Entries supplied START
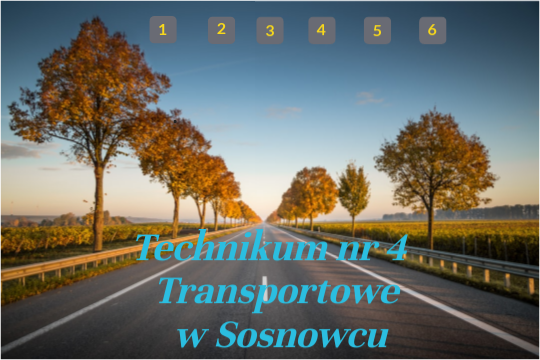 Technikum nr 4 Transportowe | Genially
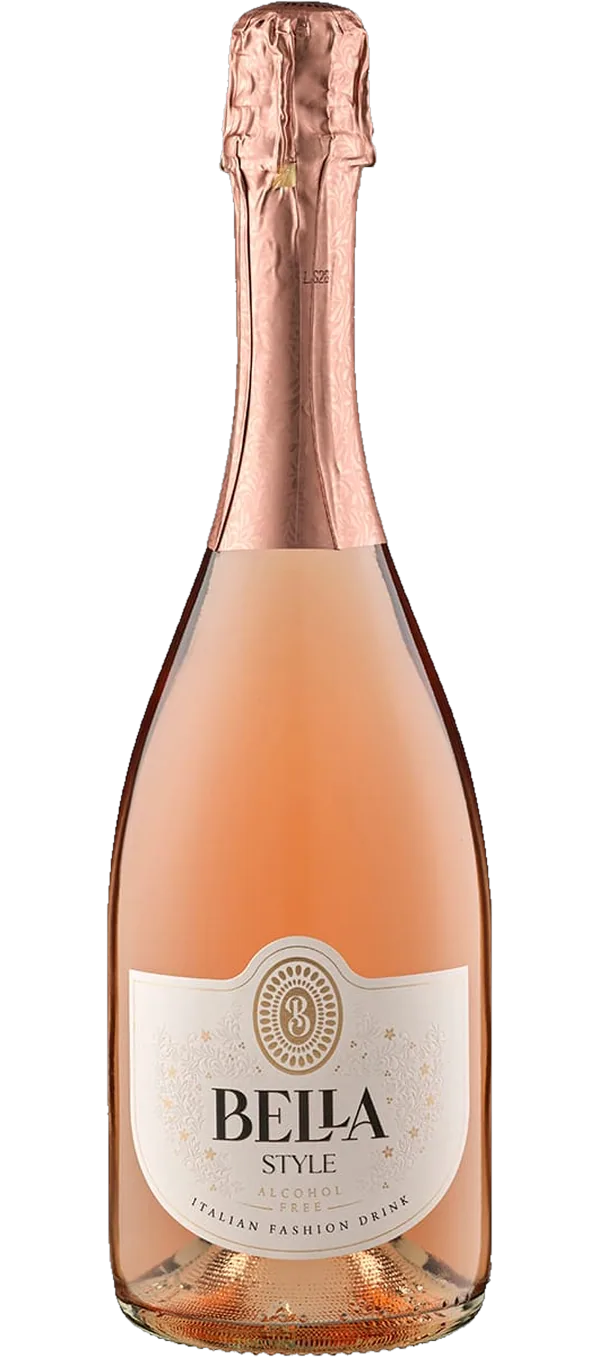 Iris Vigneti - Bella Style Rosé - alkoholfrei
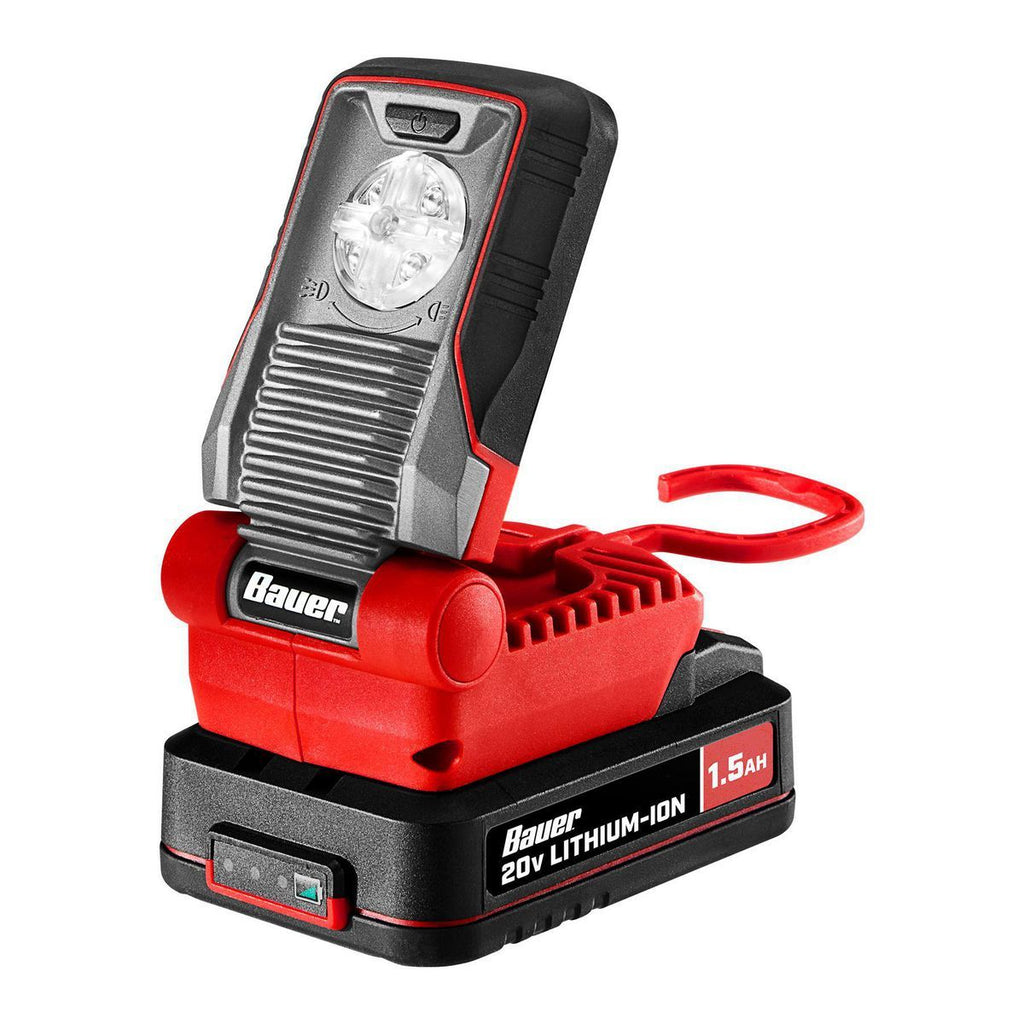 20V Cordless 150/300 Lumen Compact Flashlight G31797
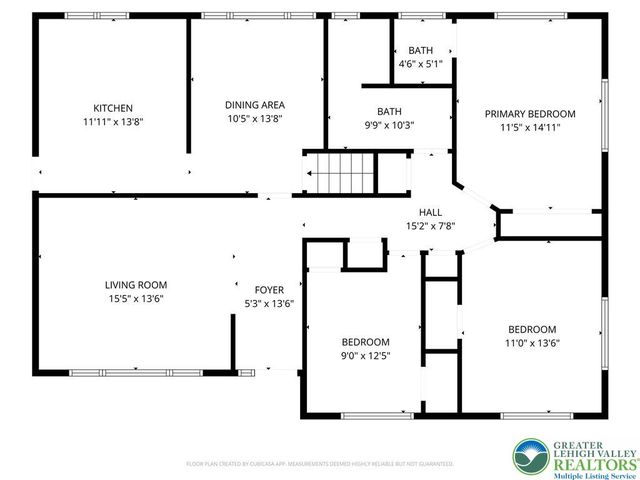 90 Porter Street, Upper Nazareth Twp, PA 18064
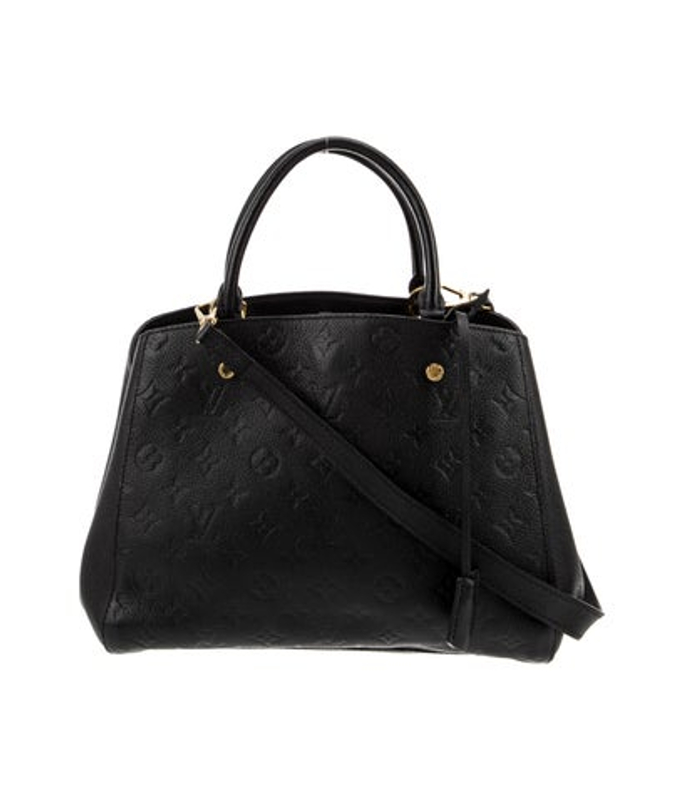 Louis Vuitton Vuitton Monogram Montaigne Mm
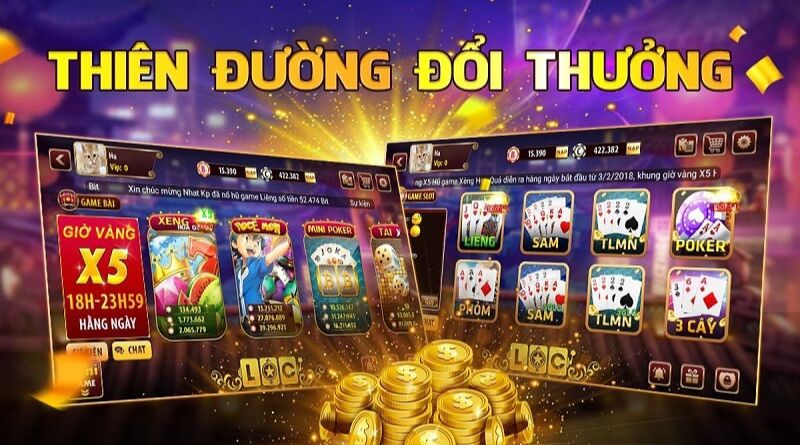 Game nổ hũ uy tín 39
Entries supplied END
Entries supplied START
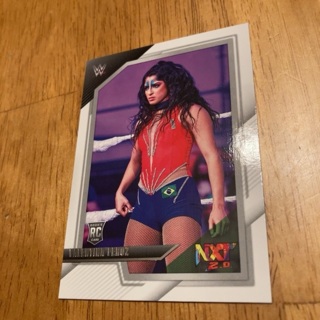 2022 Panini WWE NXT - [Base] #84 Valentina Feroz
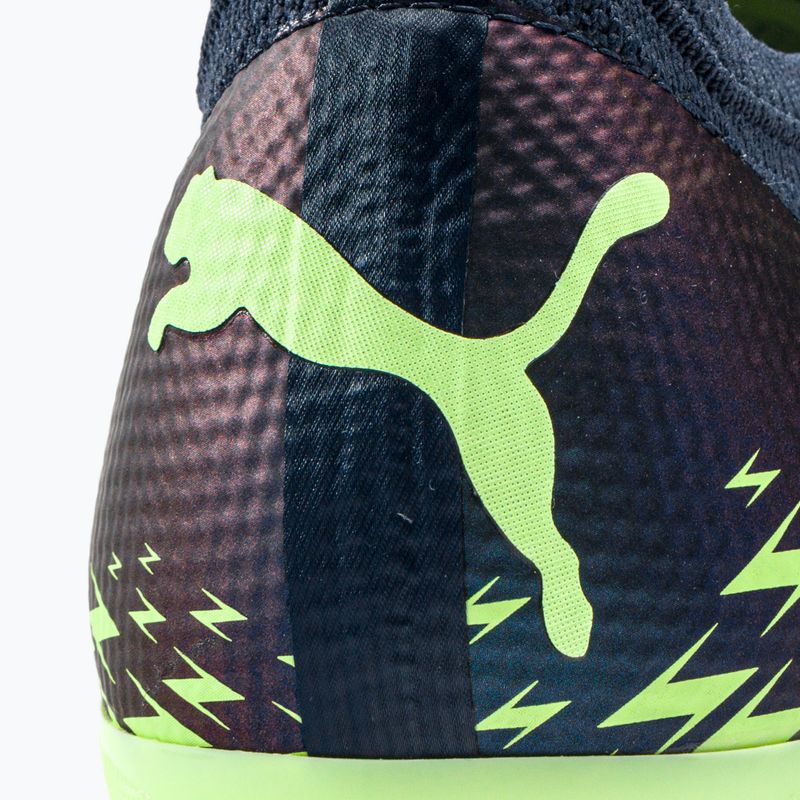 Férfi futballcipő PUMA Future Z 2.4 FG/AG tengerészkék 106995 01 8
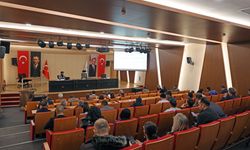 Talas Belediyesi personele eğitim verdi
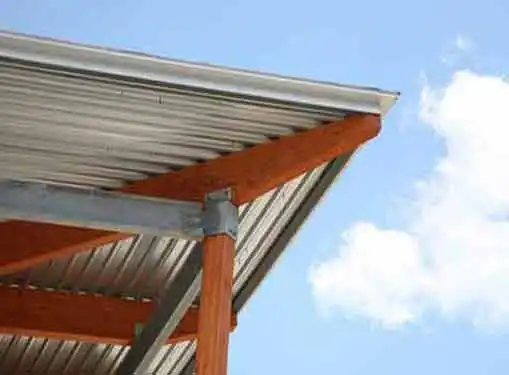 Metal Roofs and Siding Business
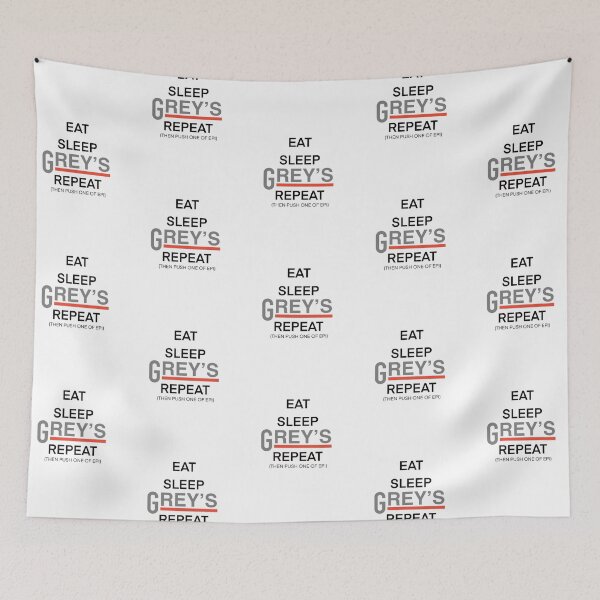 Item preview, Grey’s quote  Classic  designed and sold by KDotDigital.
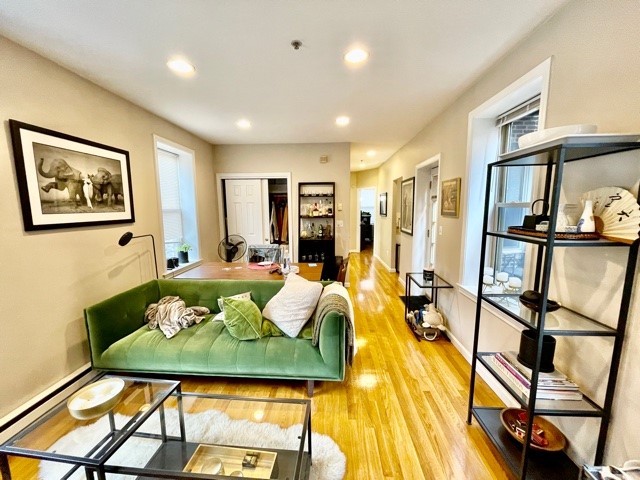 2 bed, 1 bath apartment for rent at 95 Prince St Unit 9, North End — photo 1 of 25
Entries supplied END
§ **Instructions for the task**: What do the entries above read from the line containing "Technikum nr 4 Transportowe | Genially" through the line containing "Game nổ hũ uy tín 39"? Output those lines exactly, both ends included, with the pictures left out.

§ **Response to this task**:
 Technikum nr 4 Transportowe | Genially
 Iris Vigneti - Bella Style Rosé - alkoholfrei
 20V Cordless 150/300 Lumen Compact Flashlight G31797
 90 Porter Street, Upper Nazareth Twp, PA 18064
 Louis Vuitton Vuitton Monogram Montaigne Mm
 Game nổ hũ uy tín 39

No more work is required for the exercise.